- [TASK TO COMPLETE]
Pictures aside, reproduce exactly and only the lines from the one containing "Aydın Karpuzlu 18.5 Dönüm Satılık Zeytinlik" through the end of the records.

Short text fragments from websites:
★ ★ ★ ★ ★ ★ ★
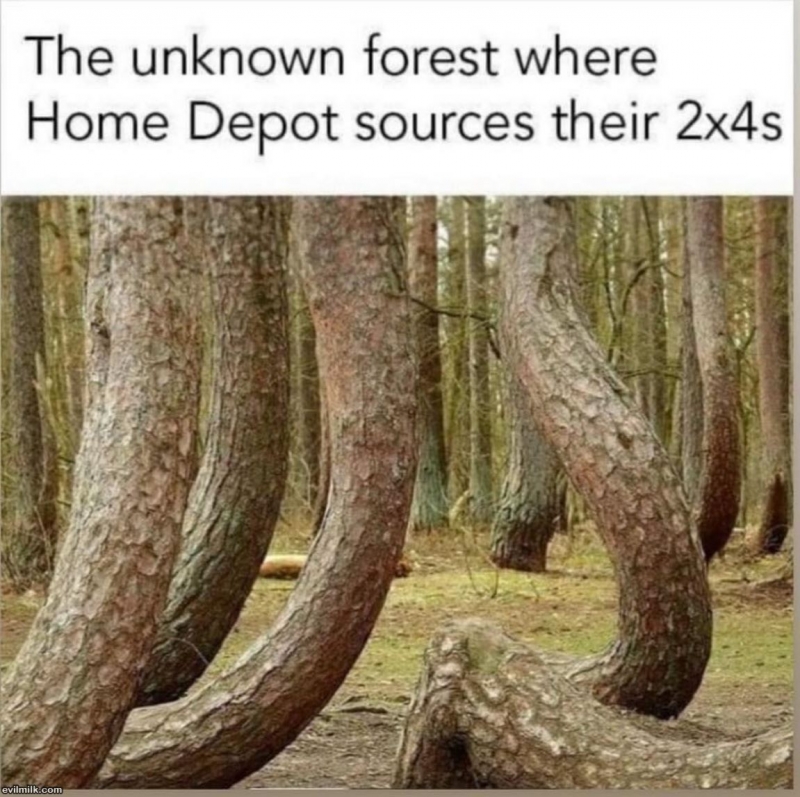 The_Forest.jpg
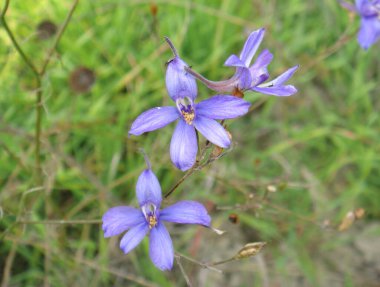 Consolida regalis 'in mavi mor çiçeği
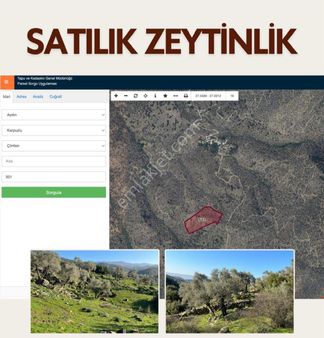 Aydın Karpuzlu 18.5 Dönüm Satılık Zeytinlik
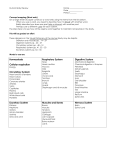 Homeostasis Cellular respiration Circulatory System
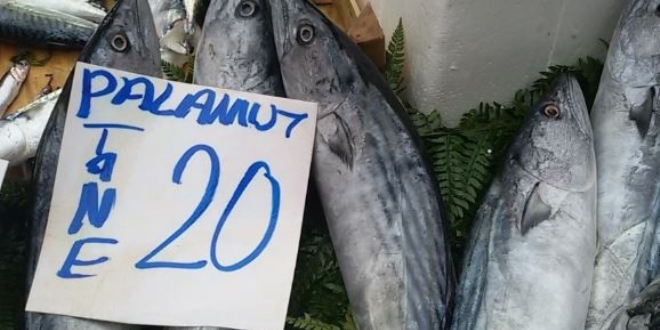 Palamut sezonunun sonunda fiyatlar yükseldi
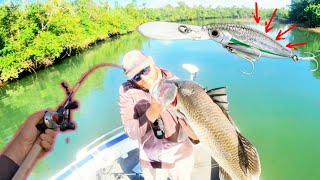 lure fishing Barramundi  HinchinBrook [upl. by Leahciam281]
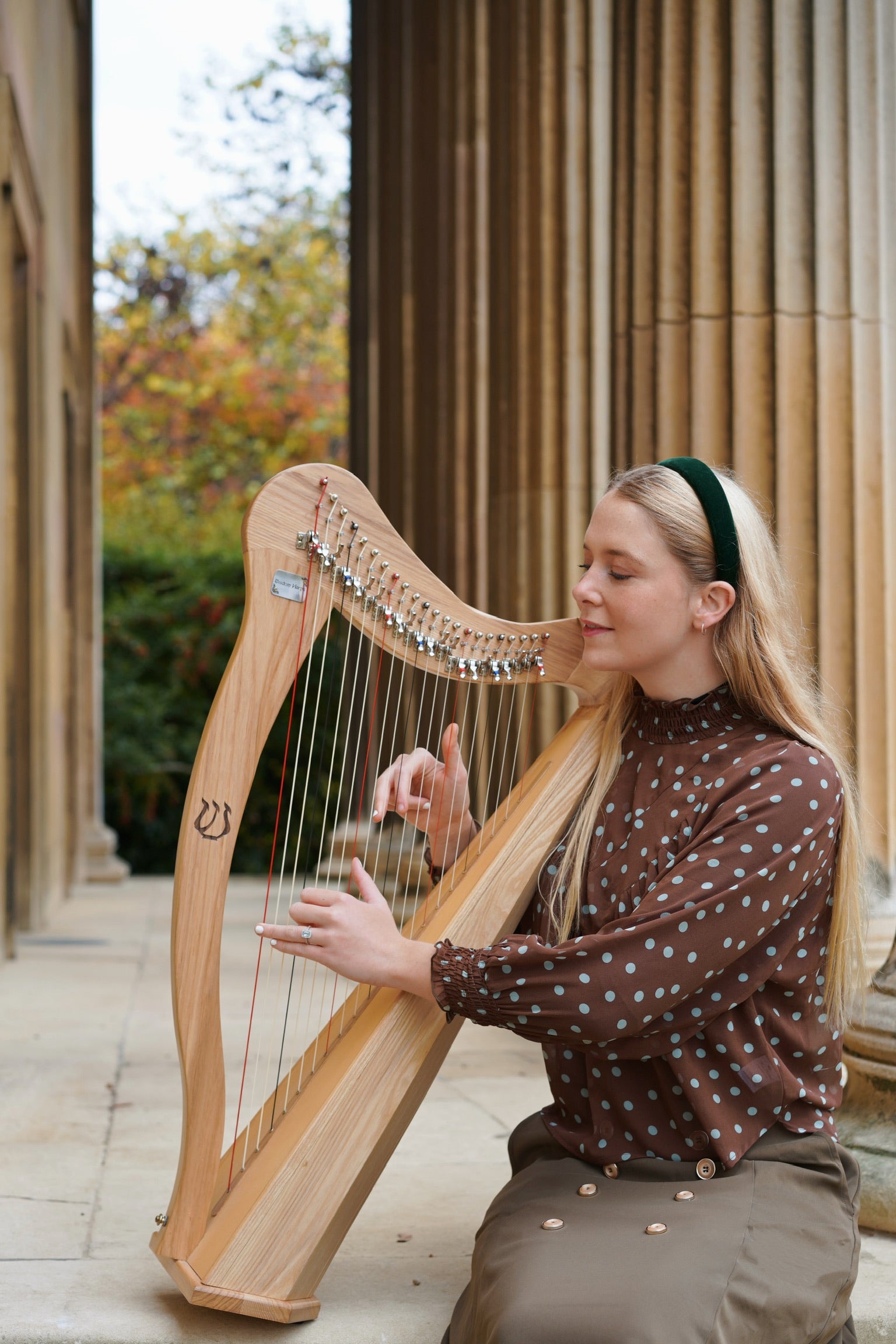 Edwardian Revival Blouse (Cocoa Polka)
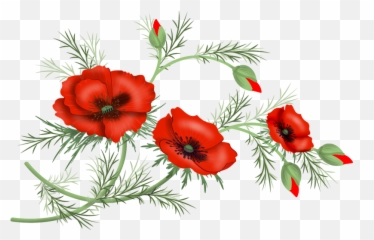 Flowers Vector Png Poppies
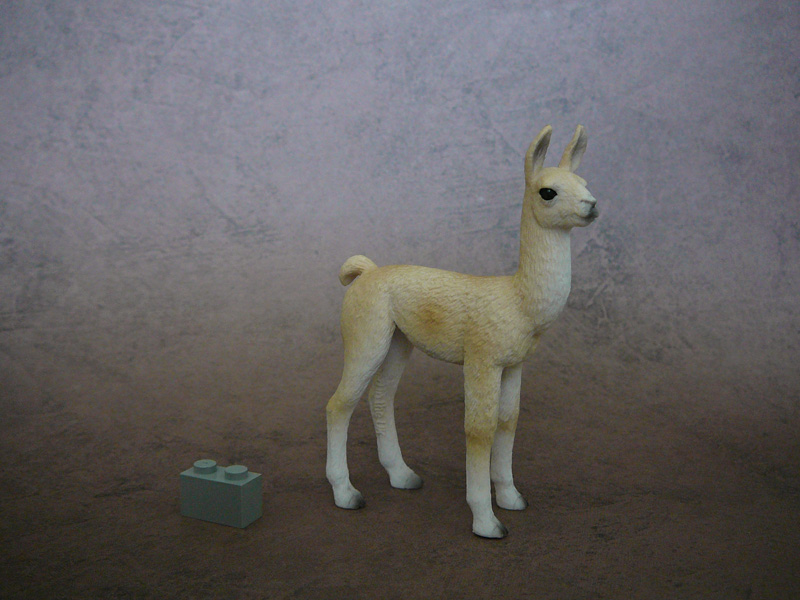 Mojö 2019 Llama and Cria- a walkaround by A.R.Garcia P1090598ed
★ ★ ★ ★ ★ ★ ★
- [WRITTEN RESPONSE]
 Aydın Karpuzlu 18.5 Dönüm Satılık Zeytinlik
 Homeostasis Cellular respiration Circulatory System
 Palamut sezonunun sonunda fiyatlar yükseldi
 lure fishing Barramundi  HinchinBrook [upl. by Leahciam281]
 Edwardian Revival Blouse (Cocoa Polka)
 Flowers Vector Png Poppies
 Mojö 2019 Llama and Cria- a walkaround by A.R.Garcia P1090598ed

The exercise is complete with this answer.